He earns a living ferrying passengers across the Mekong River in a motorized skiff and lives in Pakmon, a village of 150 families just 30km upstream from the proposed US$3.8 billion dam in the impoverished Xayaburi Province.

In June, a Lao official came to Pakmon and said any families who lived below 275m - the projected height of the dam's reservoir - would be forced to relocate.

Now Ting and other villagers, many of whom earn no more than US$500 per year, are anxious to see if the dam will be built, and how their main livelihoods - fishing and farming - will be affected.

According to the US environmental group International Rivers, more than 2,100 people will be forcibly resettled and 200,000 people will be affected.

"Given the Laos government's legacy of poor planning and uncompensated losses, the communities that will be forcibly resettled by the dam are likely to suffer greatly," Ame Trandem, a spokesperson for International Rivers, told IRIN.

Plans to dam the lower stretch of the Mekong, the world's 12th-largest river, have put Laos on a collision course with its neighbors and environmentalists, who fear livelihoods, fish species and farmland could be destroyed, undermining the food security of thousands.

China, which borders Laos, already operates four dams on the upper stretch of the river.

In May, Khempheng Pholsena, chairwoman of the Laos National Mekong Committee, told reporters in Hanoi, Vietnam, that the Xayaburi dam would be "socially and environmentally sustainable".

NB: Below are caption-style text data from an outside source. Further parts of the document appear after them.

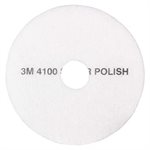 Pad 19'' 3m blanc 4100 cs / 5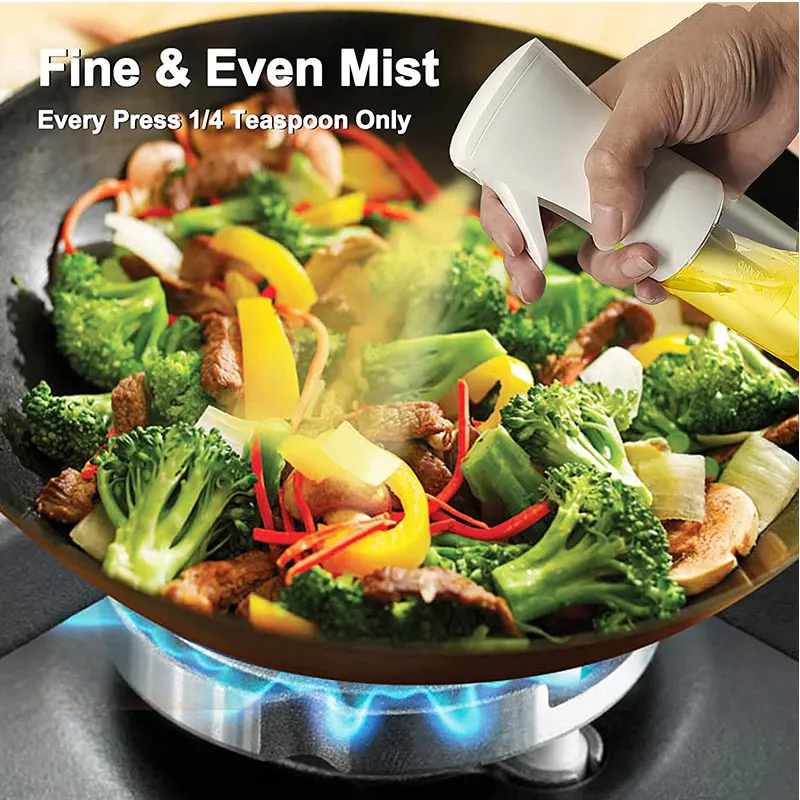 Botella pulverizadora de aceit - Kitchen Gadgets For Seniors reseña y precio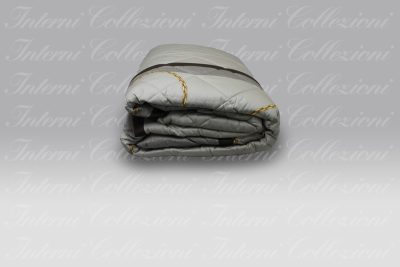 Quilt Torino tortora Borbonese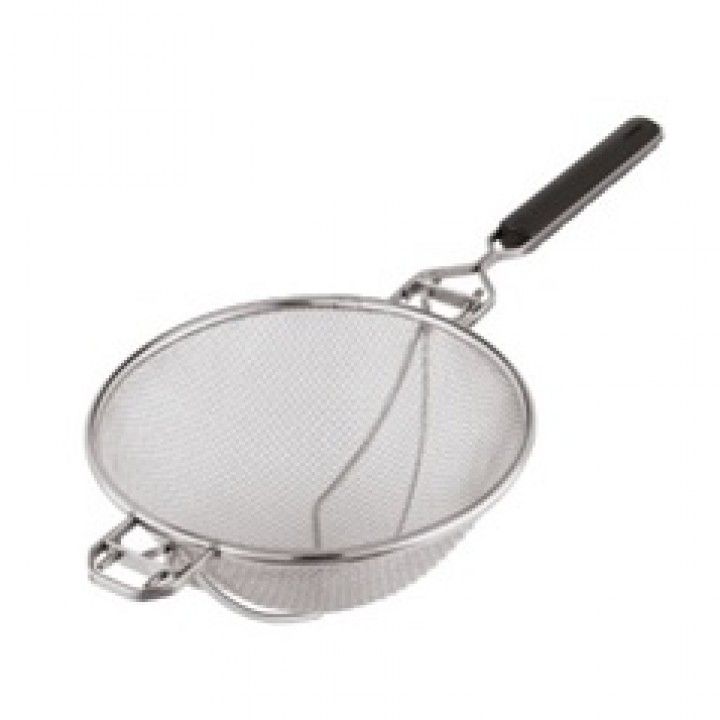 Coador Malha Dupla Inox 24cm 4-014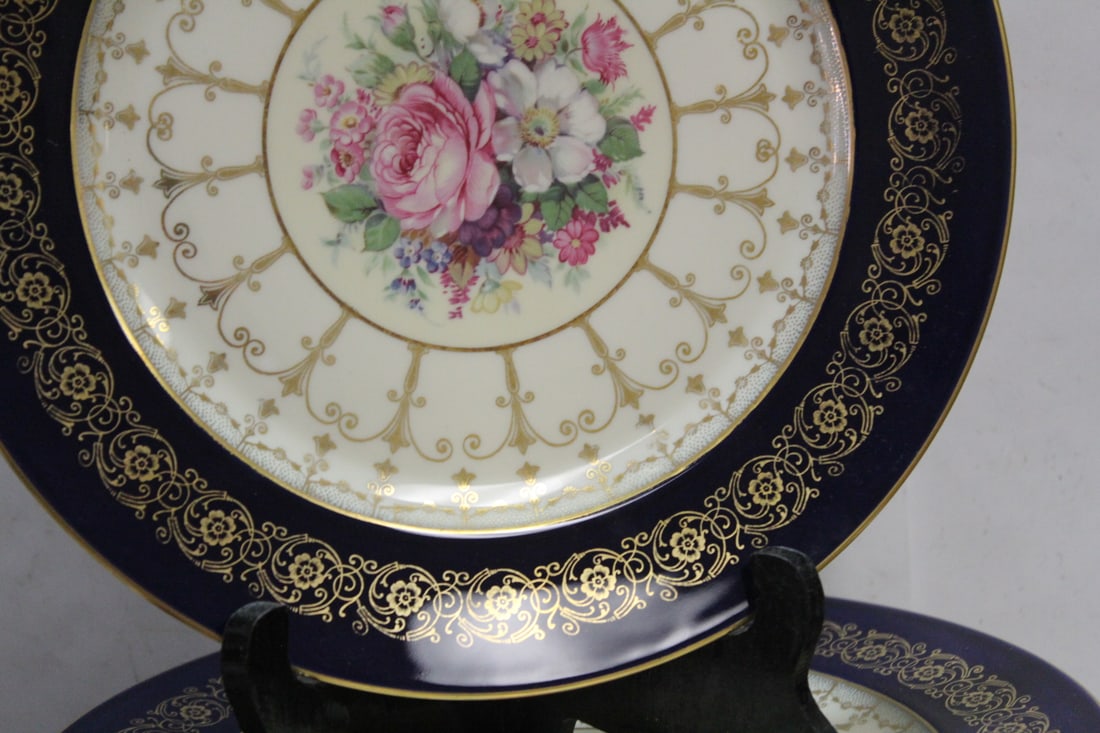 A Set of 11 Rosenthal I v o r y Dinner Plates - 2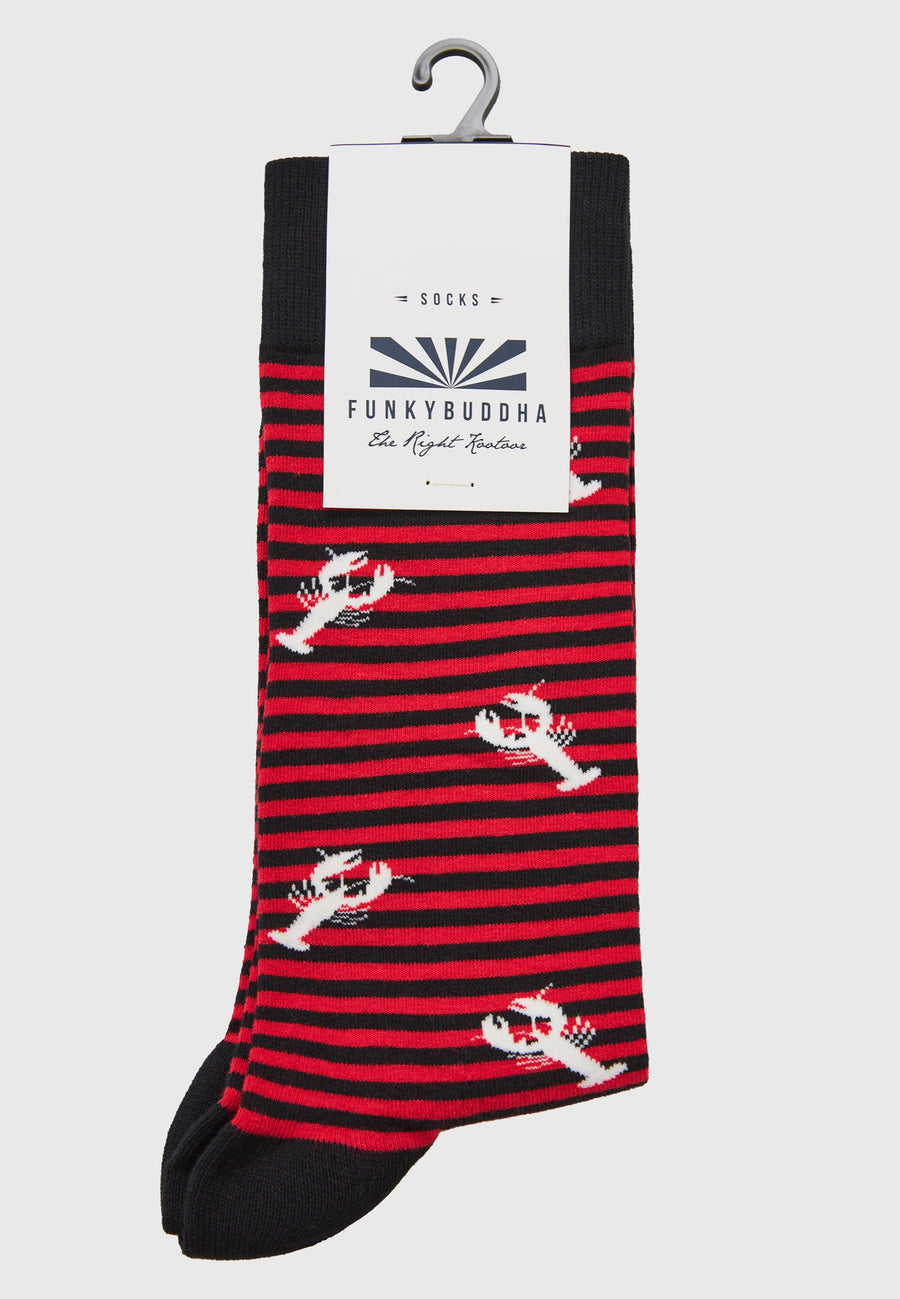 Men's socks - Red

This followed critical statements by Thai, Cambodian and Vietnamese diplomats about the Xayaburi proposal in April, calling for more studies of the dam's trans-boundary impacts.

Then in an 8 June letter leaked to the media and addressed to Xayaburi Power Ltd, a subsidiary of Ch Karnchang, the Thai developer, the Lao Ministry of Energy and Mines claimed to have "completed" its obligation for prior consultation regarding the dam proposal under the 1995 Mekong Agreement, which established a non-binding process for reviewing mainstream dam proposals by any of the four lower Mekong River Countries (MRC): Laos, Thailand, Cambodia and Vietnam.

Two weeks later, a group of MRC donorsasked Laos to clarify its position, but has yet to receive a response.

As of late May, the project appeared to be dead, presumably because Laos did not want to "lose face" by breaking with Vietnam, a close political ally that has expressed strong opposition to the proposed dam, said Ian Baird, a Laos expert at the University of Wisconsin-Madison. However, the leaked letter suggests a different scenario, he maintains.

"It is hard to believe that the Lao government is going ahead with this [dam] despite strong opposition in the region, including from the Vietnam government, but that would appear to be the case," he said. "We are in unchartered waters on this one," Baird added.